Dataset section –
◆ ◆ ◆ ◆
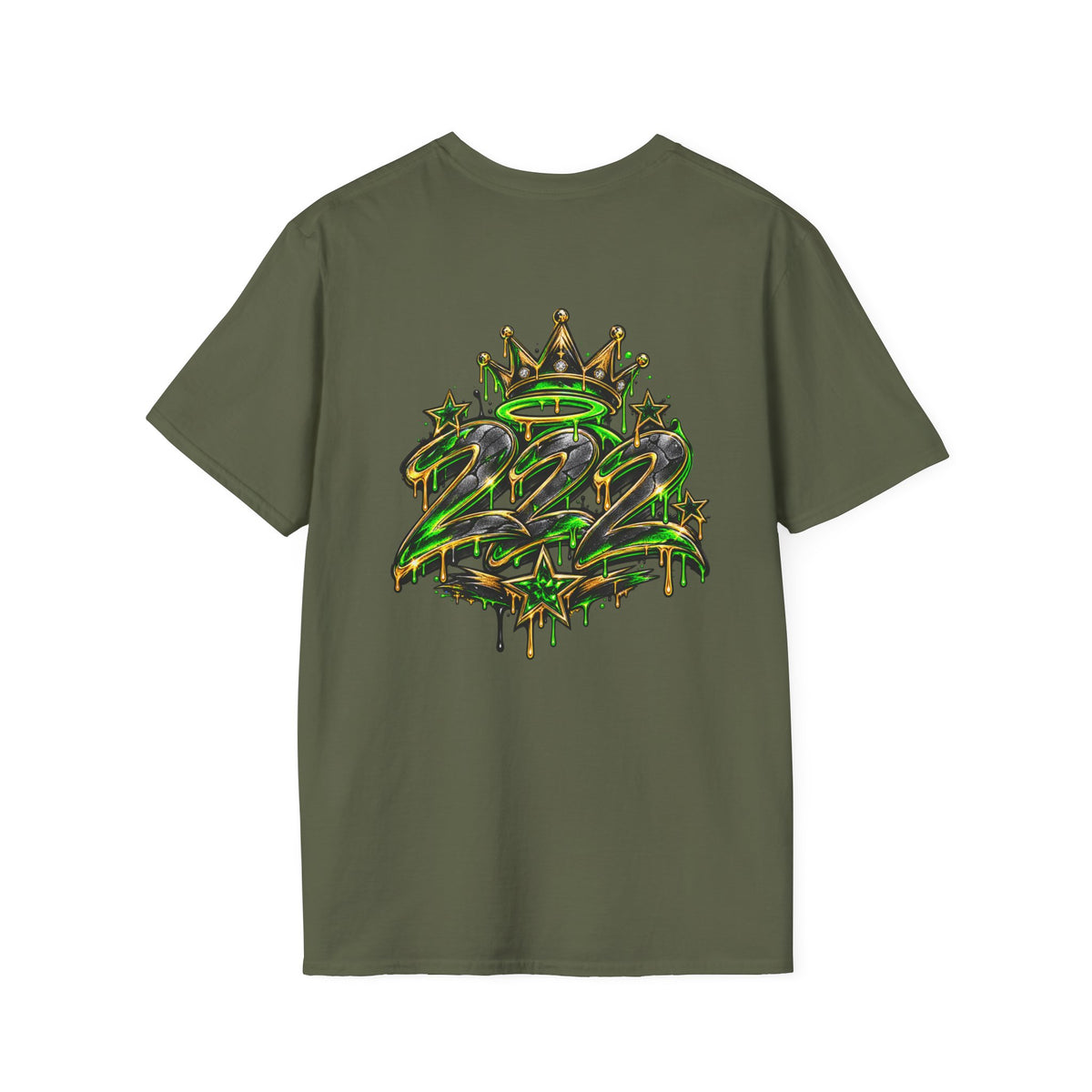 Camo Crown Pocket Tee — Minimal Green Crown Chest Graphic T-Shirt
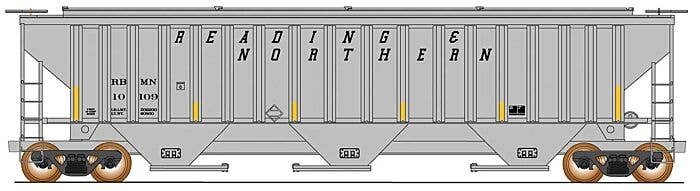 Trinity Rib-Side Covered Hopper - Ready to Run -- Reading & Northern (gray, black, yellow conspicuity marks), HO, Intermountain 
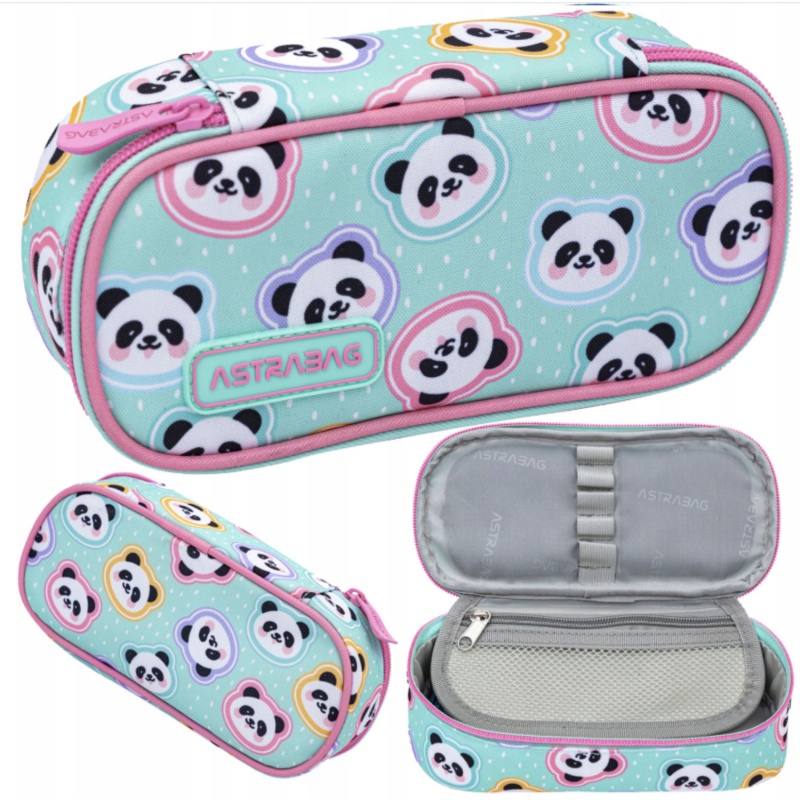 Peračník AstraBAG MINTY PANDAS – mentolový, jednokomorový, s úchytmi Peračník AstraBAG MINTY PANDAS – mentolový, jednokomorový, s úchytmi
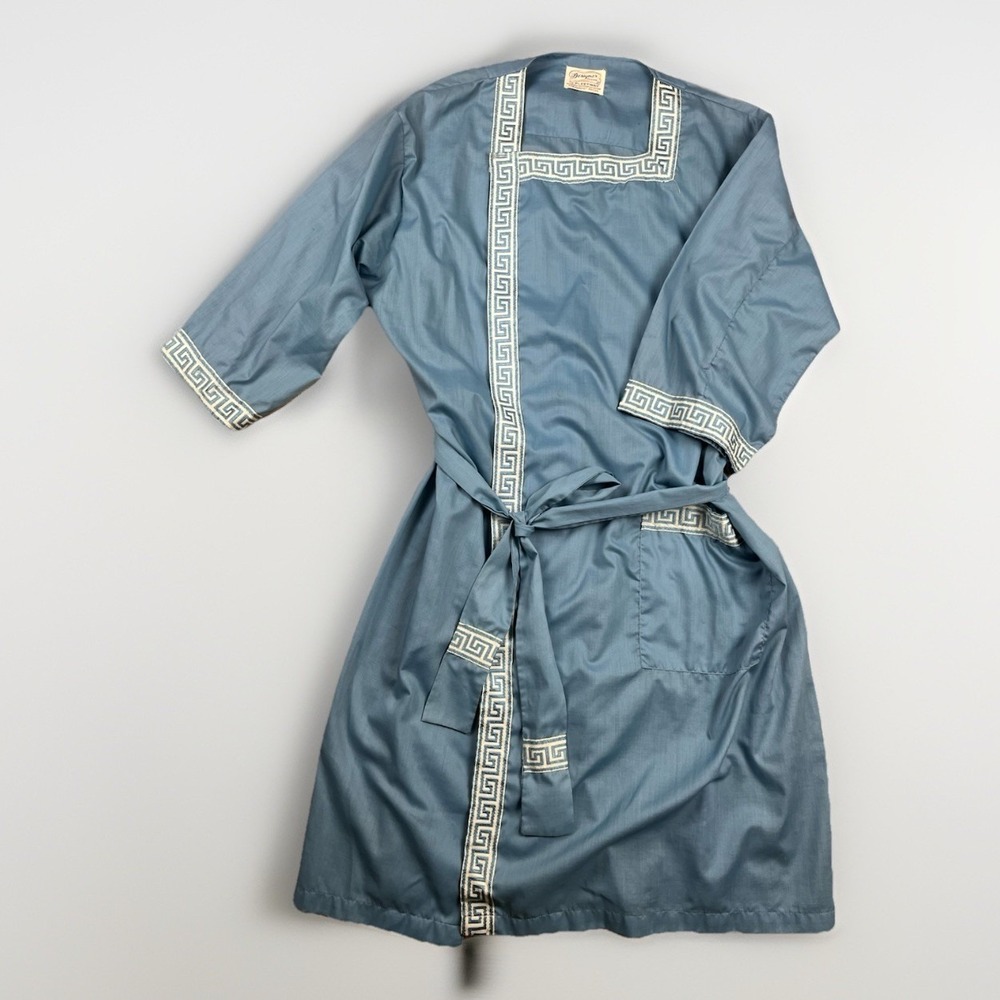 Vtg Pleetway Robe Women's OSFA Blue White MCM Belted 60s 70s‎ Greek Key Meander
◆ ◆ ◆ ◆
What you are asked to do – When you copy the data above, reproduce each line exactly and skip every image.

Answer section –
 Camo Crown Pocket Tee — Minimal Green Crown Chest Graphic T-Shirt
 Trinity Rib-Side Covered Hopper - Ready to Run -- Reading & Northern (gray, black, yellow conspicuity marks), HO, Intermountain 
 Peračník AstraBAG MINTY PANDAS – mentolový, jednokomorový, s úchytmi Peračník AstraBAG MINTY PANDAS – mentolový, jednokomorový, s úchytmi
 Vtg Pleetway Robe Women's OSFA Blue White MCM Belted 60s 70s‎ Greek Key Meander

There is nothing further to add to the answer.